Different data representations have been used by the publications in Table 7, depending on the HAR applications and sensors. Inertial measurements recorded by sensors integrated in IMUs are deployed, in general, for solving HAR. Usually, more than three devices are set on the human body, e.g., on the hands, legs, head, and torso. Differently, the authors of [44,82,91] recorded acceleration measurements from only one device, which is placed on the waist. The authors of [52,75,79] proposed using the magnitude of the acceleration vector from the three components x, y, and z. The authors of [86] used the logarithm magnitude of a two-dimensional Discrete Fourier Transform of IMU signals. They proposed utilising this magnitude as an image input for a CNN.

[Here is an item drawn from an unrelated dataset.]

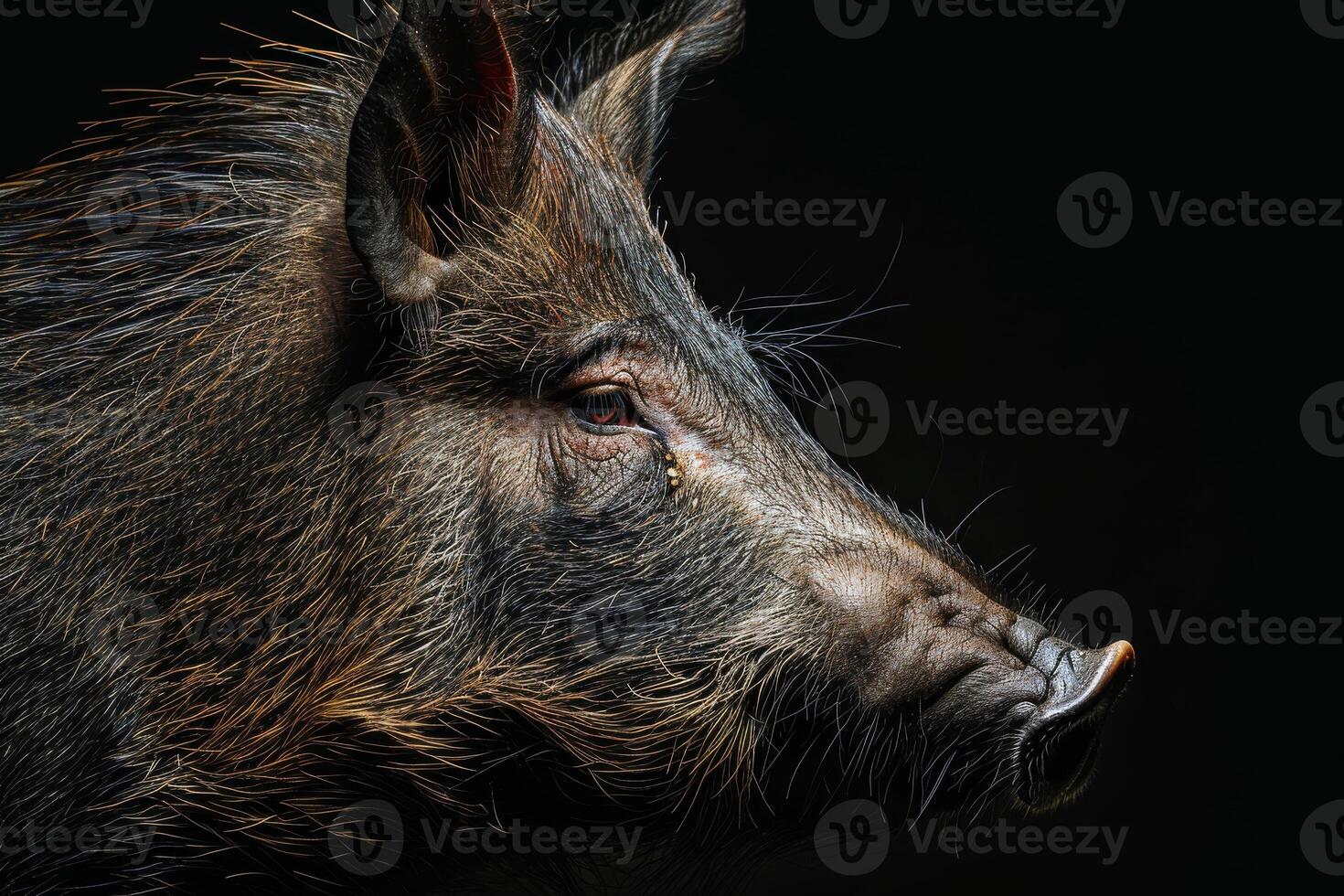 A close up of a wild boar's head photo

Otherwise, the local human joint poses have also been used for HAR. In this case, Optical Motion Capturing (OMOCAP) or devices such as Kinect were deployed. In [54], the authors represented OMOCap data by using 3D-joint positions and rotations specifying a posture. The authors divided the human joints into five groups, according to the main human body parts. In [85], the authors ofterpreted the joint positions and orientations of OMOCap data as multichannel time series, where each joint pose per component x, y, and z, is considered individually. This approach is similar to how acceleration data are handled. The authors of [81] used the quaternions and Euler angles representations, along with their velocities, and accelerations of human joints as input data. This also can be seen as a geometrical and parametric representation of the joint poses.

Pre-Processing

Due to different characteristics of sensors, sampling rate, units, random noise or malfunctioning, pre-processing approaches are in need. The authors of [71,80] used a median filter for smoothing the signal. In [47], a third-order average filter was deployed for reducing random noise. Low- and High-pass filtering have been used for separating the acceleration components due to body movements and gravity, and for eliminating noise. The authors of [44,61,87] argued that the low-frequency component of the acceleration is due to gravity, and the high-frequency component to the dynamic motion of a human body. In [84], a low-pass Butterworth-filter was used for such separation. The authors of [57,59,65] computed the gravity component by averaging the acceleration measurements, which can be seen as taking the zero frequency component. The body acceleration was calculated by subtracting the gravity component from the acceleration measurements. The authors of [80] also separated these two components, however there was no clear explanations of which method was deployed. Differently, the authors of [64,65] used a low-pass filter, the authors of [71] used a third-order low-pass Butterworth filter, and the authors of [62] an average filter for reducing noise. The term noise filter was also used in [84], but there was no explanation on the particular method. In [68,77], a zero-mean and unit-variance normalisation, and in [83] a Max-Min normalisation to the range [0, 1] were carried out, as there are differences among the units and scales of the measurements. The authors of [67] did not use any pre-processing and forwarded the raw data to a convolutional neural network.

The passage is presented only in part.